Bose has a few suggestions for the retail investor to benefit from the bourses.
First, align your equity investments to clearly defined financial goals. This alone will broaden your investing outlook and help you to not worry too much about short term market fluctuations and more on the big picture. This will automatically eliminate a lot of the behavioural pitfalls.
Next, acquire a thorough understanding of the interplay of risk and reward. You must know what to expect while investing in equities, as good returns come at the cost of significant volatility. It’s going to be a bumpy but rewarding ride, and in order to benefit, you have to be prepared to see your capital in the red for extended phases without jumping the gun and succumbing to the action bias. Investing with awareness of what lies ahead is absolutely critical!
Finally, do not look at your portfolio too often or in other words avoid portfolio churn.
Now, equities are one of the best investment avenues that will give a decent return over sustained periods of time.
But the key takeaway is timeframe or staying invested.
“Over sufficiently long periods of time, an investor will more likely gain than bear losses without the worries of daily fluctuations,” says Shrikanth Subramanian, CEO – Kotak Cherry.
Though there will be short term bouts of volatility where the equities may even give negative returns. “It depends on the time horizon in which the investor is willing to stay invested,” Subramanian added.
Research is an option. But here too experts advice to first have self-discipline before taking your research forward.
“We have a slightly counterintuitive viewpoint on this topic because we believe that a little bit of knowledge is truly a dangerous thing when it comes to equities!,” says Bose.
As an example, experts cite how many investors select mutual funds or stocks based on 1 or 3 year returns, try to time their entries or exits based on predictions by market pundits, or buy NFOs because they believe that a low NAV is somehow cheaper.

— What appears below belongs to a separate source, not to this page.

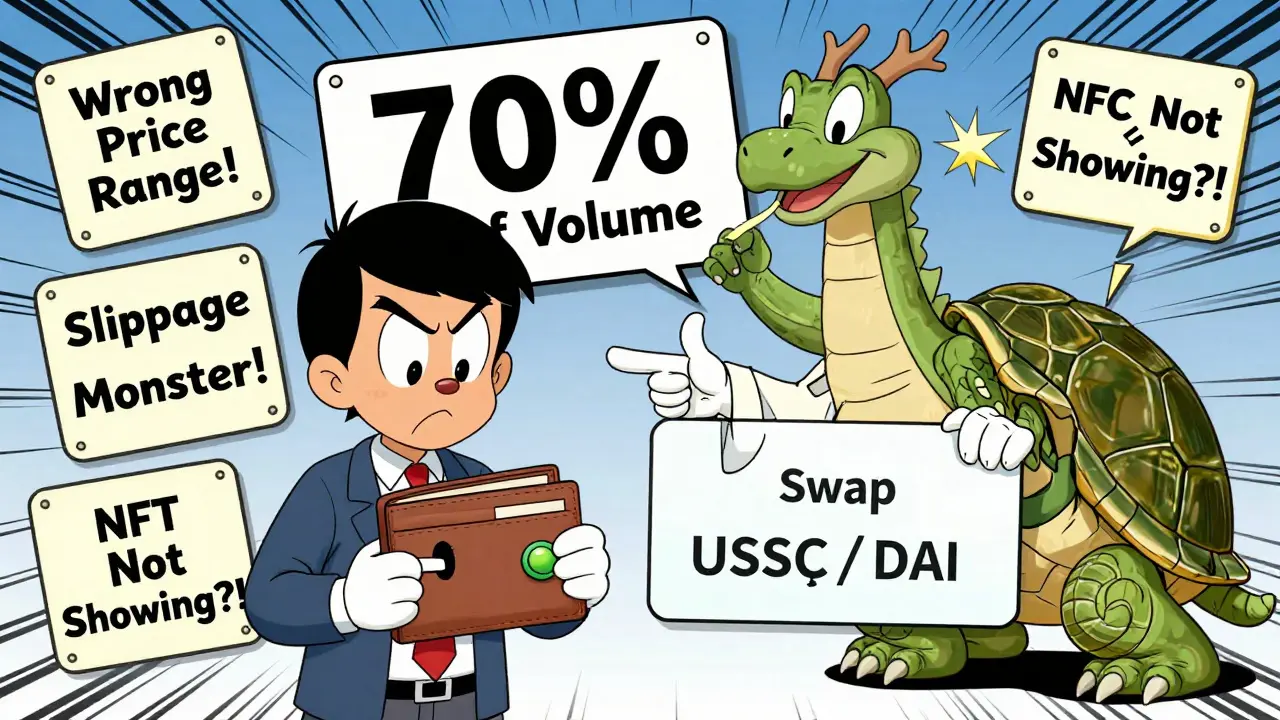 Nervous user surrounded by warning signs, guided by a wise turtle toward a simple stablecoin swap.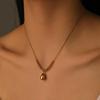 18K Gold Plated Retro Water Drop Pendant Necklace with Snake Chain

While some amount of awareness of what is going on around you is important, actively researching stocks or mutual funds may not be a good idea. After all, most of the decision variables you will be using will be retrospective indicators. “You may also end up trying to play the news or market events to generate alpha in your portfolio - an extremely detrimental and futile move,” says Bose.
“This is not going to be a one size fits all market. You have to cherry pick the stocks that you can invest in,” advices Subramanian.
This means going through financial data to get a better understanding of what the company does, how sound the financials are, how leveraged the company is, see track record of the management, how the company has done vs its peers in the industry, various key ratios (Price/Earning, Price/Book, etc.).
However, this may prove to be problematic for the small investor.
“Generally speaking, small investors don’t have the skills to do serious research in equity. They usually invest in low-grade small-caps and lose money. They should avoid investing in cheap low-grade stocks and shun investing based on tips,” says Dr. V K Vijayakumar, Chief Investment Strategist at Geojit Financial Services.
Subramanian suggests a smarter, easier option would be to look at equity mutual funds, and within them use services of a financial advisor or platform that does a large part of the work for them.
But, perhaps at the end it is your inner self that will guide you.
“When it comes to equities, 'why' you invest matters as much or more than where you invest,” says Bose.
Investing based on a well thought out financial plan, sticking with SIPs in high quality mutual funds and reviewing your goals and portfolio once a year with a competent advisor is much more important than conducting your own independent market research. “Staying glued to market news will not make you a better investor, but it could certainly make you a worse one!,” Bose ends.
Manik Kumar Malakar is a personal finance writer.